で、今回取りあげたいのは、この単行本に入っている13編のうちの、この本での4編目。「session 27 あの頃、サウナがあったなら」という回(巻?)だ。
この中で、タナカカツキ自身をモデルにしているのであろう、学生漫画家が東京のホテルでカンヅメになる場面がある。
カンヅメについては、作中にこのような下りがある。「カンヅメとは作家が手中して作業できるように出版社が用意した旅館やホテルの一室に作家を軟禁すること」
そして、タナカカツキは作中でこう続ける。「カンヅメになれば人気作家の仲間入りだと当時の私は思っていた」
で、カンヅメになったが漫画家が、そのカンヅメの効果によってうまくいくのかどうか。
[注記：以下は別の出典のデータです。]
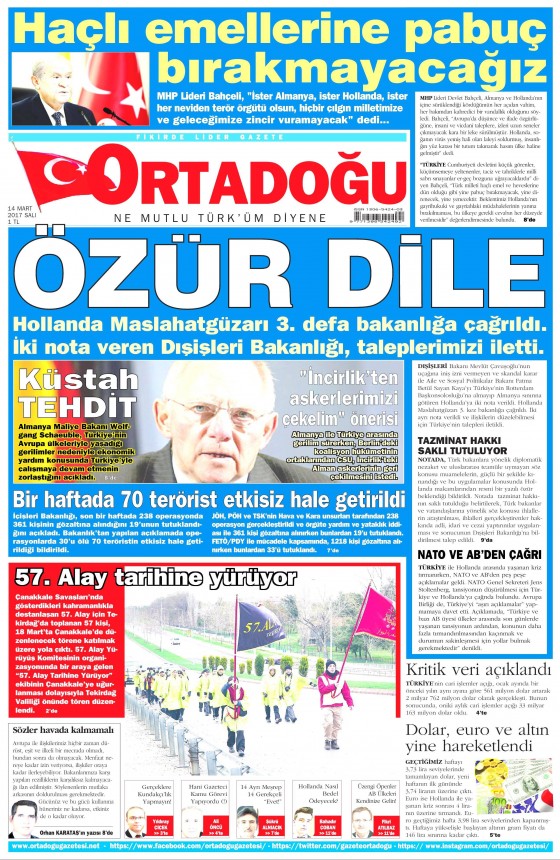 14 Mart 2017 gazete manşetleri - 9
そこは、実際にこの作品を手に取って読んでいただきたいところだが、私が読んでいて、あれこれを思いを馳せたのは、純粋に同作を読んだ感想とは別にある。
というのは、タナカカツキと私は大学時代(京都精華大学)の同期生で、学生時代に漫画を書いていることも知っていたし、タナカが暮らしていた下宿(今はそう呼ばないのかなぁ)も、私の下宿から歩いて10分ほどの距離だった。
で、なんとなくは、タナカカツキが漫画を描いていることは知っていたし、タナカの漫画も当時から何作か読んでいたが、東京でカンヅメになっていることまでは知らなかったし、そうか、こんなふうにやっていたのか、となんだか懐かしい気持ちになったのである。
学生時代、我々が暮らしていた京都市左京区から東京へ、おそらく夏休みだったのではないかと思うけど、たしかにそうだろう、学生漫画家にとっては憧れといいうか、ちょっとばかり興奮できるイベントのようなものだったろう。
この『マンガ サ道 マンガで読むサウナ道(3)』はタイトルからわかるようにサウナを絡めたもので、サウナの魅力があふれるほどに描かれているが、それとは別に、漫画家のカンヅメというものが描けれていて興味深いものだった。1冊を通して、「漫画家のカンヅメ」について深堀りしているというわけではないが、気になる人はぜひとも手に取ってみてほしい。